Monday, May 09, 2011
BBC, Language, Waffle and Rhubarb
We had a tremendous night last night with friends in Rochdale, but driving back up North this morning I listened to Nicky Campbell on BBC5Live. I know I shouldn't, the BBC is bad for the old blood pressure at the best of times, but when Nicky Campbell is on well, need I say more? But it got worse, after 9-00am up pops the dreaded phone-in. Even Mrs B was frothing like a rabid dog, and I had a terrible attack of radio rage. It was that old chestnut "we English are so lazy about learning other languages". Aaarrggghh!
You see, I don't subscribe to this terribly English habit of self-flagellation and loathing. I happen to think that by and large this is a pretty fine place to live and we are amongst the most tolerant people in the world, if anything maybe too tolerant which is why it sometime spills over into the aforementioned self loathing. We have giant parties for St Patrick's Day, we have the biggest Caribbean carnival in the world in Notting Hill. But wear a red rose or a Cross of St George on 23rd April and you're an evil fascist who wants to bring back the Empire and slavery.

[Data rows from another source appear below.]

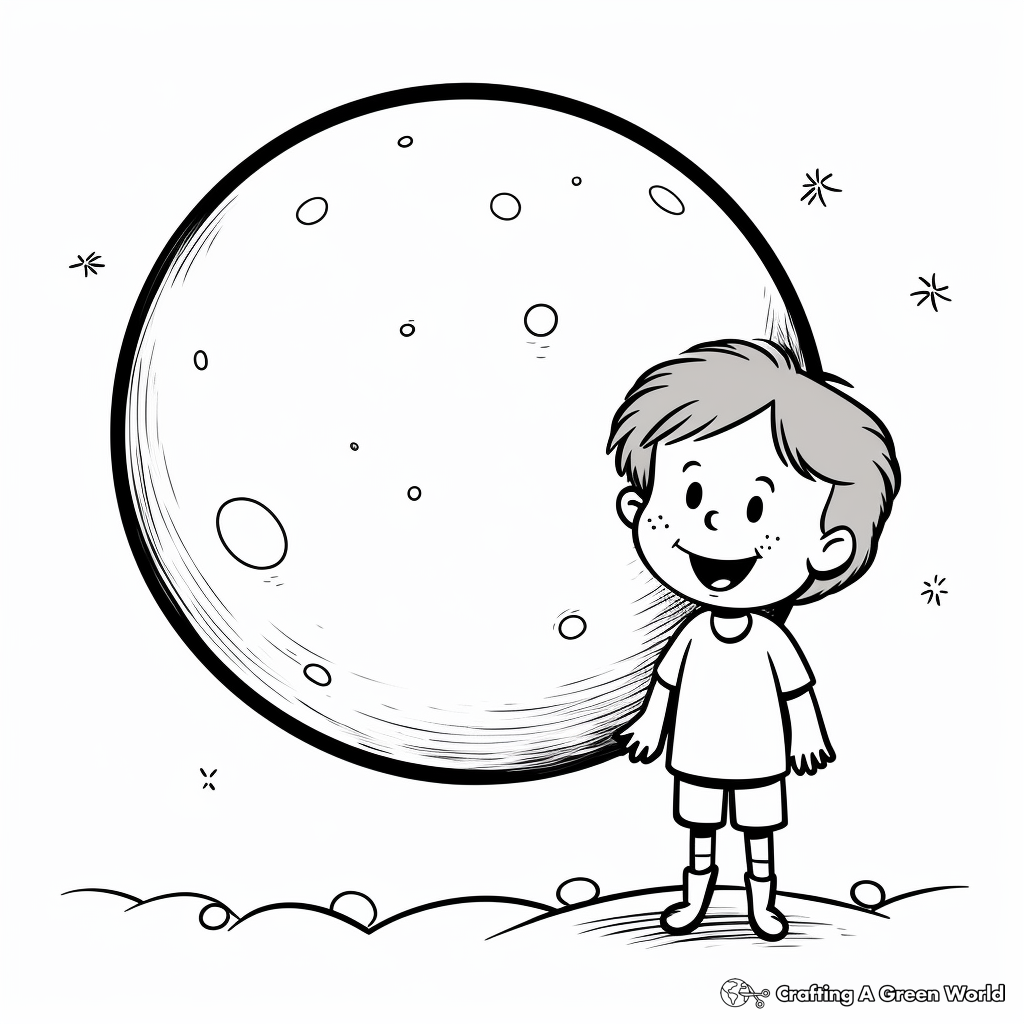 Crescent moon coloring pages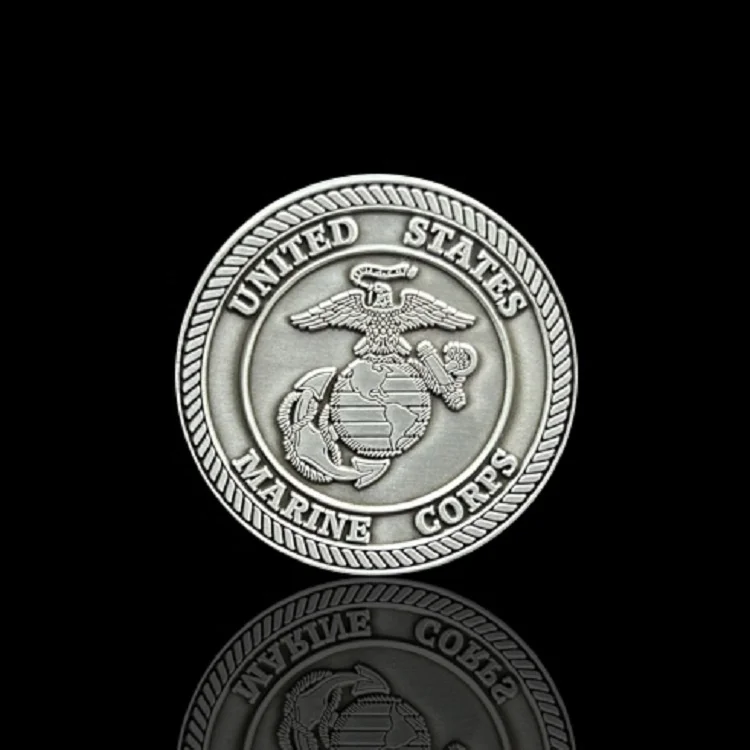 High Quality Custom 3D Die Cast Old Logo Antique Copper Metal Engraved Number Challenge Coins For Souvenir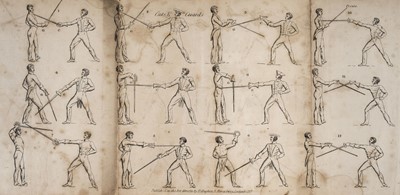 Lot 463 - Fencing. The Art of Fencing ... corrected and revised by a pupil of St. Angelo, 1st edition, c.1830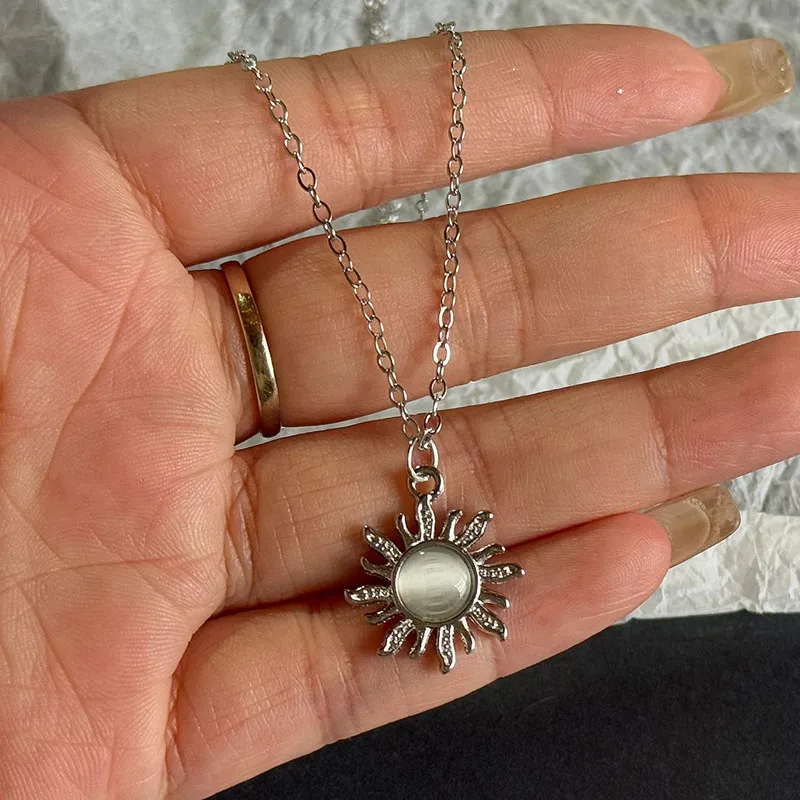 جديد فضي اللون زوج من القلائد النجوم مزدوجة الصداقة السماوية قلادة سلسلة طويلة أفضل الهدايا للرجال والنساء #4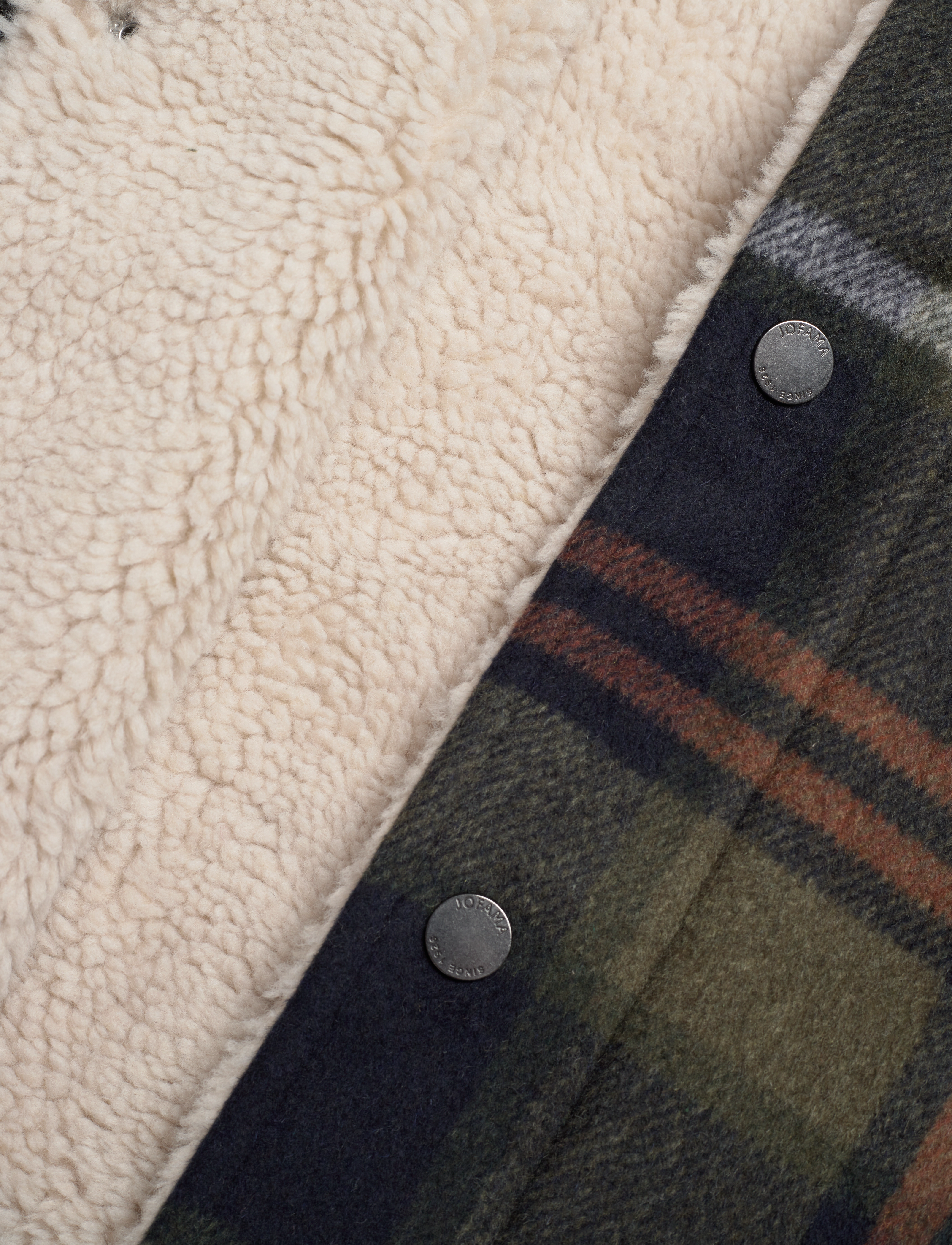 Jofama - Harvey Wool Trucker Jacket - jacken & mäntel - black/green - 4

So this time it was this language nonsense that got me angry. The BBC does that regularly but, as I am forced to finance the rotten organisation by the tax/theft method of the licence fee, I sometimes get the urge to sample what I'm forced to pay for, although I really shouldn't. The question of the English and foreign languages usually gets me angry because all the pseudo-intellectuals and Islington types love to thrash us with our supposed inability to master other languages. Absolute merde! See what I did there? Or are you too English?

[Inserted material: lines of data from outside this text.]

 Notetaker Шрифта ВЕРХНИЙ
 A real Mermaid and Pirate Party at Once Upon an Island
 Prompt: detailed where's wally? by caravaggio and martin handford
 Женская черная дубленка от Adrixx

The English are very pragmatic. If we have to do something we do it, and do it very well on the whole. Apart from sport which we do a lot of but not very well. In fact we even did world domination in a very understated way. Gradually it dawned on the world that we controlled two thirds of it. We did this very nicely and, although we were involved in regular spats, we did not do it in a violently militaristic way that led to regular world war like some people I could mention. We did it in a very gentlemanly manner as we did when we retreated to our rightful position as a small island off the coast of Northern Europe, and gave those countries back to their rightful owners. What we left behind were great bureaucracies, if 'great' is the right word, fine engineering works and the English language. Bingo! That's it. In a very strange way the Empire actually is the reason we don't tend to speak foreign languages as much as some people do.

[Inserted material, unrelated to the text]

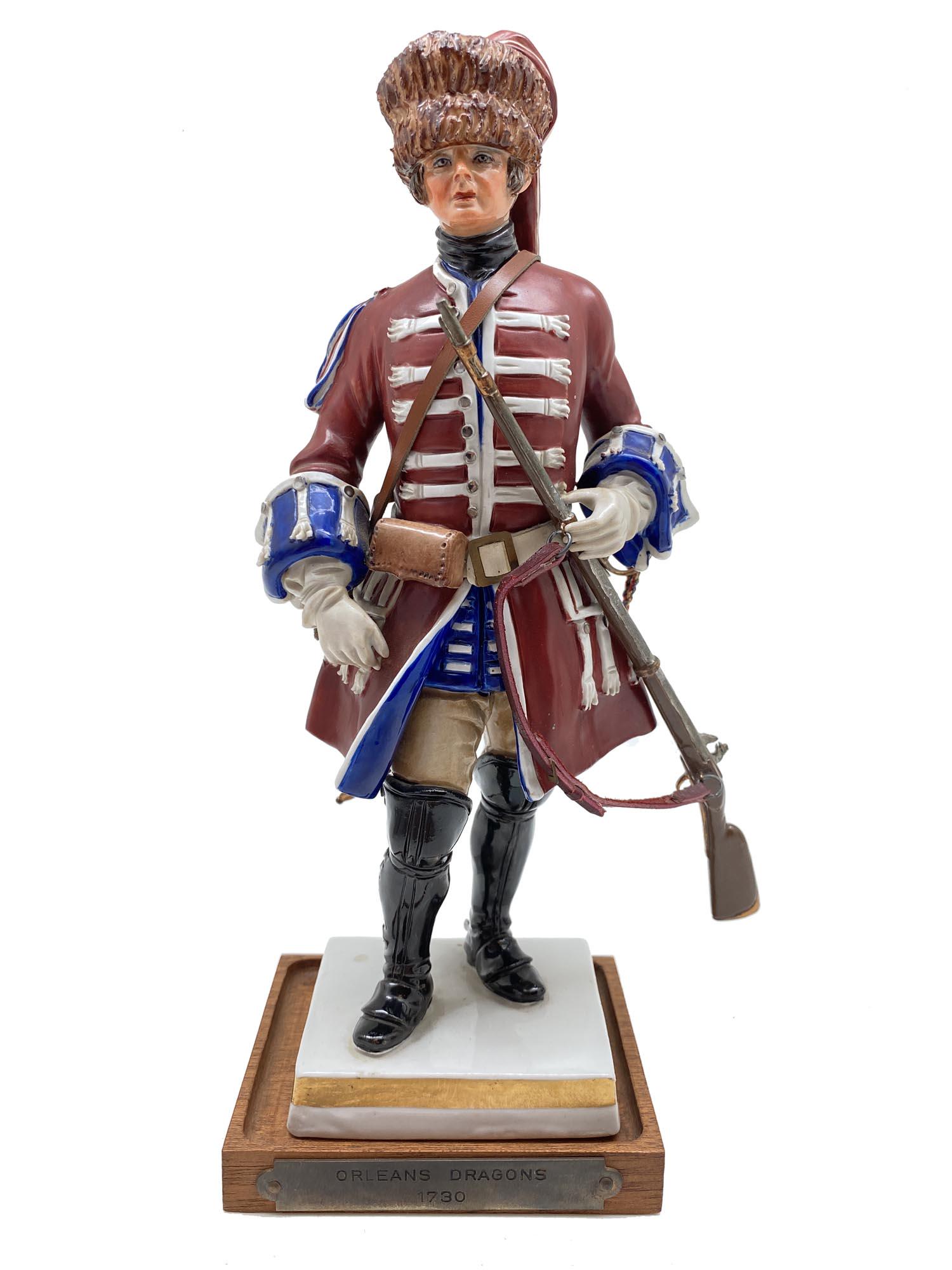 A ADRIEN VAN GERDINGE POCELAIN FIGURE OF ORLEANS (1 of 5)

Imagine if the Germans had actually been a nation state before 1871 and they, rather than us, had built an empire that controlled two thirds of the earth. There's a pretty good chance that the USA would be a German speaking country, as would Canada, Australia, New Zealand, much of Africa and so on. OK, they'd probably have different names too, but I'm sure you get the drift. In that case we would all be sat here, speaking numerous languages, watching US TV with English subtitles and air traffic controllers would be speaking German, the international language. There would probably be phone-ins today in Germany moaning about how bad they are at learning other languages. Or maybe not, no lazy national stereotypes here, but the Germans are not as prone to self loathing as we are.
But what language does a poor German learn when the world speaks German. Does he learn English? Spanish? Italian? Flemish? Well you need to learn a language to be nice to people when you're on holiday so they say. So it'll be Greek this year, Bulgarian next year, French next year. Poor Heinz would do nothing but learn foreign languages in case he one day has a holiday in a particular country. It would be stupid. So it is for us.
I admire people who speak other languages. I get a great deal of satisfaction when I use my very basic French or Spanish and manage to communicate effectively. But let's not get hung up on languages and use them as sticks with which to beat ourselves. It's not because we are arrogant, nor because we are lazy and it is certainly not linguistic or cultural imperialism. It's an accident of history, a by product of our past, so let's just be pleased that when we are shopping in a little village on the Amazon, as we were a few years back, the shopkeeper speaks English.
Right, now that's off my chest no more radio phone ins for me.